Here’s Mira Sucharov, a political scientist at Carleton University in Canada, explaining why atheists and religious folks often talk past each other:
Put simply, believers are asking the question, “Can a commitment to contemplating the sacred help us better appreciate the everyday?” (They reply yes.) And atheists are asking the question, “Is the existence of God plausible from the standpoint of reason?” (They reply no.)
And here’s what happened to a pastor in North Carolina for suggesting that hell was not a place of eternal torment:
When Chad Holtz lost his old belief in hell, he also lost his job.
The pastor of a rural United Methodist church in North Carolina wrote a note on his Facebook page supporting a new book by Rob Bell, a prominent young evangelical pastor and critic of the traditional view of hell as a place of eternal torment for billions of damned souls.
Two days later, Holtz was told complaints from church members prompted his dismissal from Marrow’s Chapel in Henderson.
“I think justice comes and judgment will happen, but I don’t think that means an eternity of torment,” Holtz said. “But I can understand why people in my church aren’t ready to leave that behind.

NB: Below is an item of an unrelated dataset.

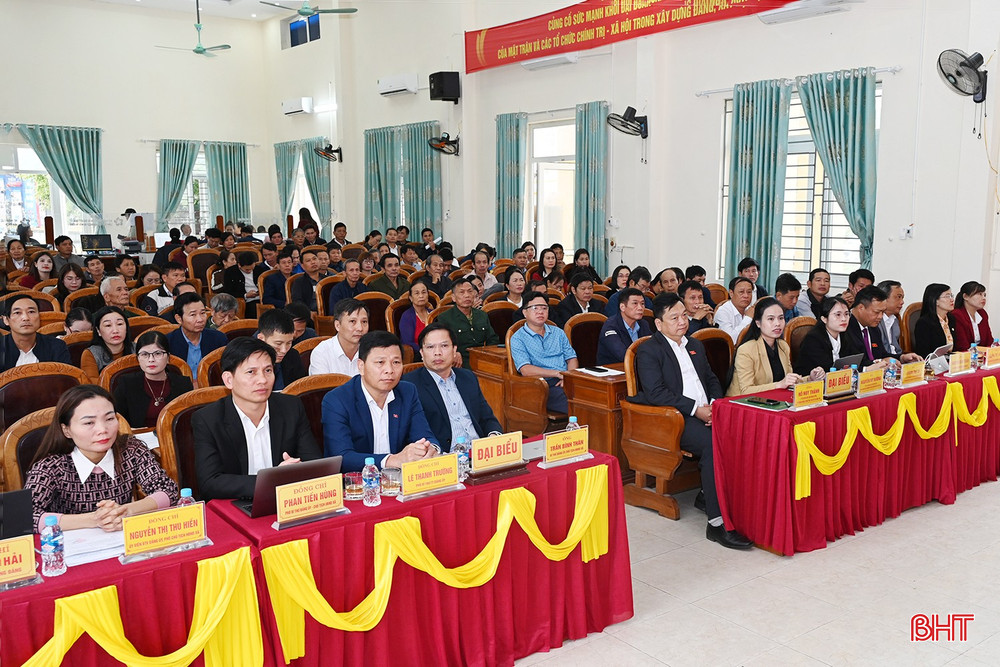 Đại biểu dự hội nghị.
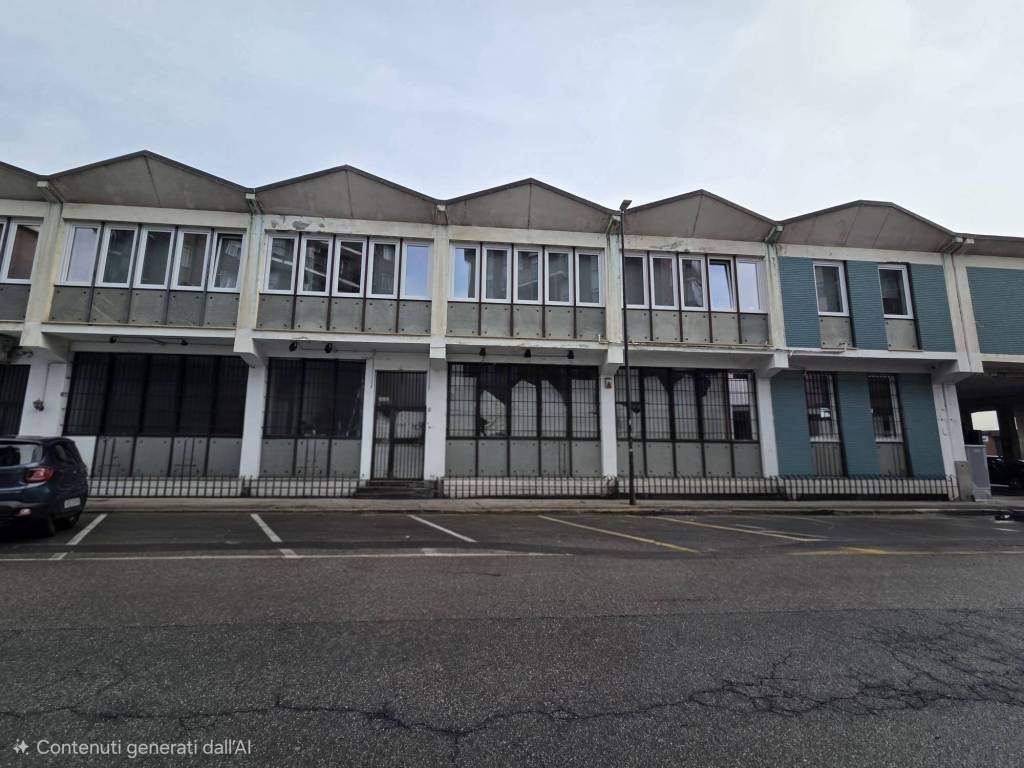 locale commerciale in vendita a Torino in zona Mirafiori Sud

It’s something I’m still grappling with myself.”
Fundamentalists are rightly excoriated for pretending that theirs is the only acceptable form of religion. But it is hardly an improvement when academics suggest that real religion is high-minded and metaphorical and intellectually deep, with the more commonplace version being a distracting side show. I have no doubt that some believers are asking Sucharov’s question. But a great many others are more concerned with policing the boundaries of acceptable belief and coming down with such power as they have against those who demur.

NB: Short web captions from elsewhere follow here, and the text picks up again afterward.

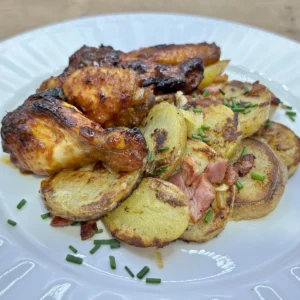 Alitas barbacoa con patatas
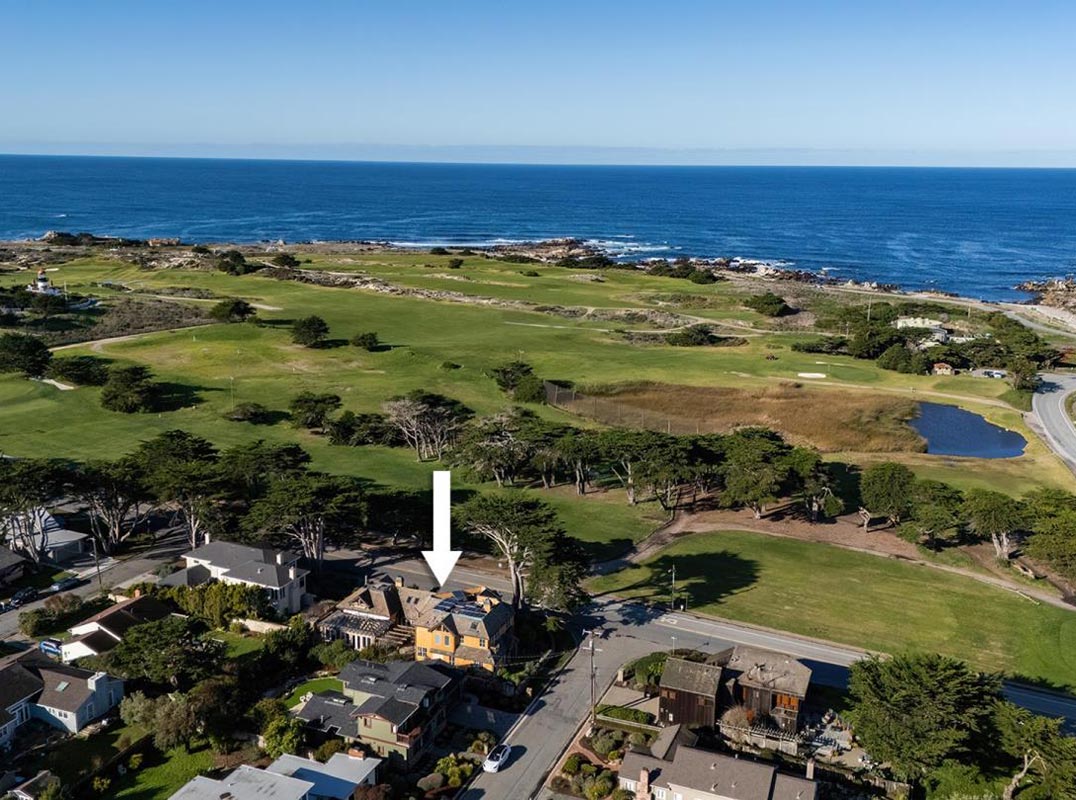 Experience Coastal Luxury Living in Pacifi c Grove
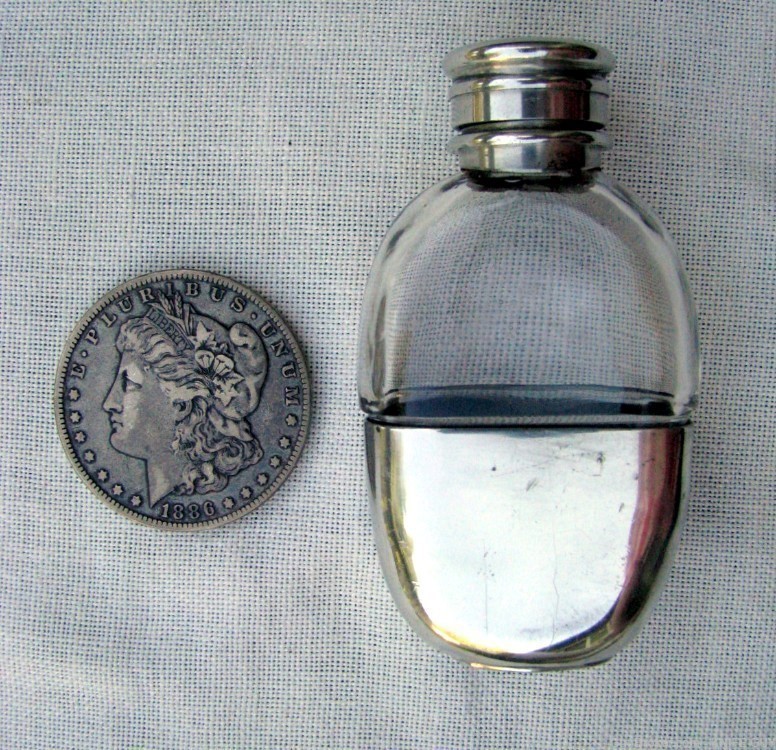 FINE SCARCE ANTIQUE SMALL GLASS POCKET NIPPER FLASK WITH CUP1890s -1900s-img-0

Sucharov’s essay is about strengthening communities. She writes:
However well-intentioned and well-executed, debating whether the world is solely material, social and psychological, or whether it is also imbued with divine force, is ultimately a dialogue of the deaf. Instead, what we all should be asking is: How can we improve the experience of membership within our various communities and across them — whether religious or secular?
At their core, communities are collections of individuals looking for meaning and connection. Both types of communities try to make sense of the world. But secular communities are held together by the glue of reason and intellect, while religious communities add symbols and practices that attempt to transmit a sense of awe.
I am all in favor of strengthening communities and embracing those of different views. But Sucharov’s rather generous description of religion simply ignores a rather important fact. In large swaths of the United States religion is a huge source of strife and division. It looks far more like that community in North Carolina than it does anything of interest to academic theologians or philosophers of religion.
How can we improve the experience of membership within our various communities? We can start by recognizing that religion is a big part of the reason so many people’s experiences need improving in the first place.